### [WORK INSTRUCTION]
Write out only the lines from the line that holds "Drönarbild på Funäsdalen med kabinbana" to the end of the listing below, inclusive, with the pictures omitted.

──────── DATA BELOW ────────

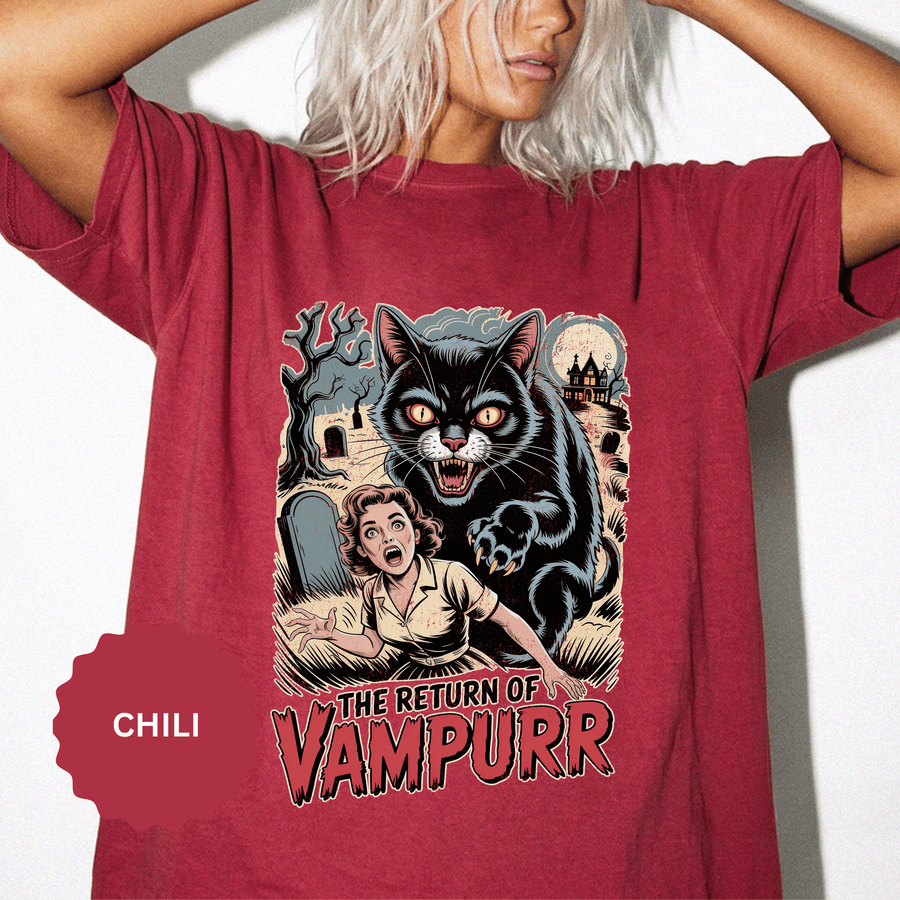 Black Cat Halloween Shirt, The Return of Vampurr Retro Horror T-Shirt, Funny Spooky Cat Gift for Cat Mom and Vintage Movie Fans Alike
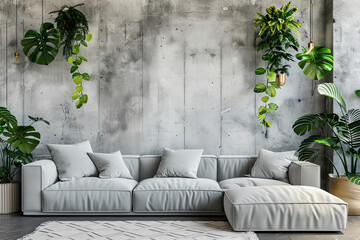 Sofa and plants in a room. Created with Ai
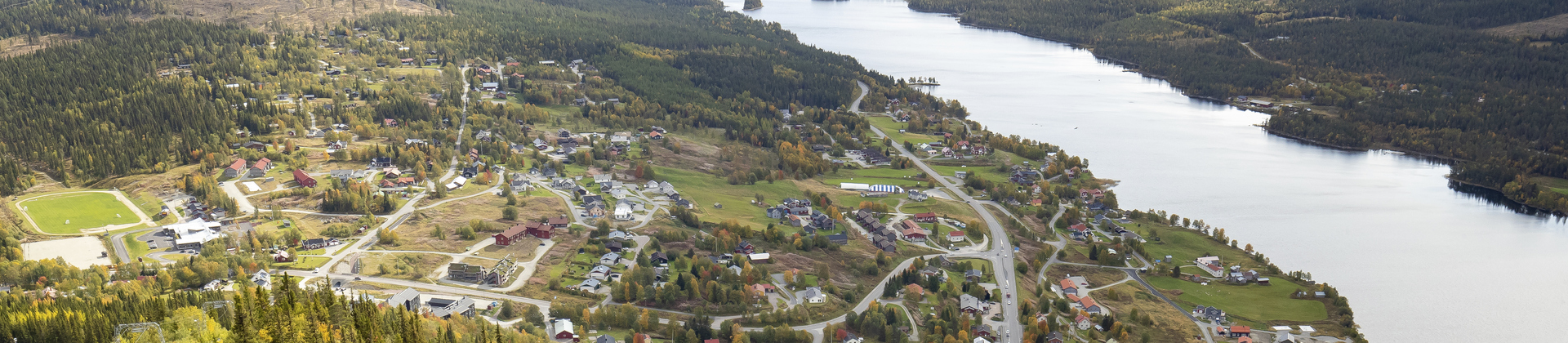Drönarbild på Funäsdalen med kabinbana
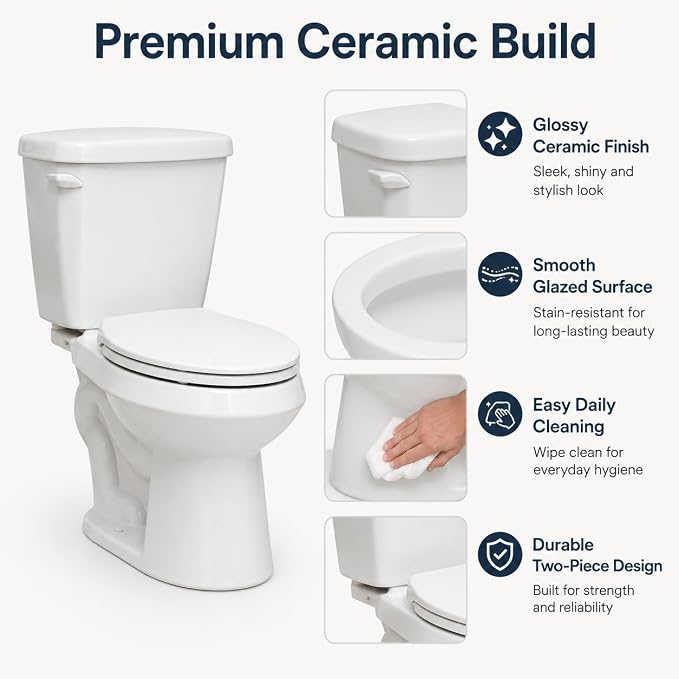 Compact 15.4 Inch Elongated Two Piece Toilet, Side Flush White Ceramic Bathroom Toilet with Soft Close Seat, 1.28 GPF Siphonic Flush, cUPC Certified, 12 Inch Rough-In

────────

### [EXPECTED ANSWER]
Drönarbild på Funäsdalen med kabinbana
 Compact 15.4 Inch Elongated Two Piece Toilet, Side Flush White Ceramic Bathroom Toilet with Soft Close Seat, 1.28 GPF Siphonic Flush, cUPC Certified, 12 Inch Rough-In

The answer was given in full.